The load_data() method can also be used to reload or update data in an existing hypercube.

Parameters:

  • tables: Dictionary mapping table names to pandas DataFrames
  • rename_original_shared_columns: Controls what happens to shared columns in source tables.
  • True (default): keep them, renamed as <column> (<table_name>). Enables per‑table counts/aggregations.
  • False: drop them from source tables (values remain in link tables). Saves time and memory if per‑table analysis isn’t needed.
  • apply_composite: Whether to automatically create composite keys for multi-column relationships
  • validate: Whether to validate schema and build trajectory cache during initialization
  • to_be_stored: Set to True if the hypercube will be serialized/stored (skips Default context state creation)
  • reset_all (only load_data method): Whether to reset metrics and queries definitions, as well as registered functions when reloading data

Examples:

import pandas as pd
from cube_alchemy import Hypercube

# Option 1: Initialize with data (keep renamed shared columns)
cube1 = Hypercube({
    'Product': products_df,
    'Customer': customers_df,
    'Sales': sales_df
}, rename_original_shared_columns=True)

# Option 2: Initialize empty first, then load data
cube2 = Hypercube()
cube2.load_data({
    'Product': products_df,
    'Customer': customers_df,
    'Sales': sales_df
}, rename_original_shared_columns=False)

# Reload data in an existing hypercube (e.g., when data is updated)
cube1.load_data({
    'Product': updated_products_df,
    'Customer': updated_customers_df,
    'Sales': updated_sales_df
})

# Reset metrics and queries when loading new data schema
cube2.load_data(new_data, reset_all=True)

Core Methods

visualize_graph

visualize_graph(layout_type: str = 'spring', w: int = 12, h: int = 8, full_column_names: bool = True) -> None

Visualize the relationships between tables as a network graph.

Parameters:

  • layout_type: Algorithm for graph layout.
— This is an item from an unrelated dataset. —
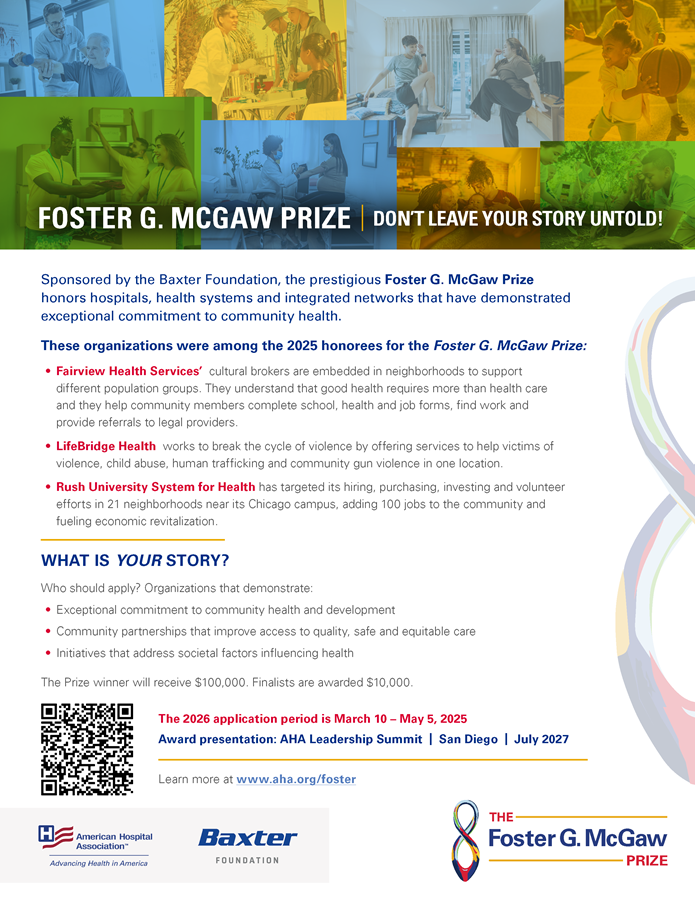 2027 Foster G. McGaw Prize: Don't Leave Your Story Untold! Sponsored by the Baxter Foundation, the prestigious Foster G. McGaw Prize honors hospitals, health systems and integrated networks that have demonstrated exceptional commitment to community health.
Options include:

    • 'spring'(default)
    • 'circular'
    • 'shell'
    • 'random'
    • 'kamada_kawai'
    • 'spectral'
    • 'planar'
    • 'spiral'
  • w: Width of the plot

  • h: Height of the plot

  • full_column_names: Whether to show renamed columns with table reference (e.g., column <table_name>) or just the original column names

Example:

# Visualize the data model relationships
cube.visualize_graph()

# Hide renamed column format for cleaner display
cube.visualize_graph('spring', w=20, h=12, full_column_names=False)
Note: If the displayed graph doesn't look so good try a couple of times or adjust the size.

set_context_state

set_context_state(context_state_name: str, base_context_state_name: str = 'Unfiltered') -> bool

Create a new context state for independent filtering environments.

Parameters:

  • context_state_name: Name for the new context state
  • base_context_state_name: Name of the base context state, the new context state will be a copy of this one.

Returns:

  • Boolean indicating success

Example:

# Create a new context state
cube.set_context_state('Marketing Analysis') # Creates a copy from the unfiltered context state --> self.context_states['Marketing Analysis'] = self.context_states['Unfiltered']

# Apply filters specific to this context
cube.filter({'channel': ['Email', 'Social']}, context_state_name='Marketing Analysis')
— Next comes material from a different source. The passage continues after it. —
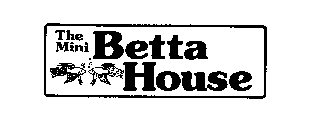 THE MINI BETTA HOUSE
Shared columns: counts and distincts

When multiple tables share a column (for example, customer_id), Cube Alchemy builds a link table containing the distinct values of that column across all participating tables. This has two practical implications:

  • Counting on the shared column name (e.g., customer_id) uses the link table and therefore reflects distinct values in the current filtered context across all tables that share it.
  • Counting on a per-table renamed column (e.g., customer_id <orders> or customer_id <customers>) uses that table’s own column values. The result can differ from the shared-column count because it’s scoped to that single table's values and is not the cross-table distinct set.

Example idea:

  • Count distinct customer_id (shared) → distinct customers across all linked tables.
  • Count distinct customer_id <orders> → distinct customers present in the Orders table specifically.

Choose the one that matches your analytical intent: cross-table distincts via the shared column, or table-specific distincts via the renamed columns. Note: per-table renamed columns are available only when rename_original_shared_columns=True; set it to False to drop them and reduce memory/processing if you don’t need that analysis.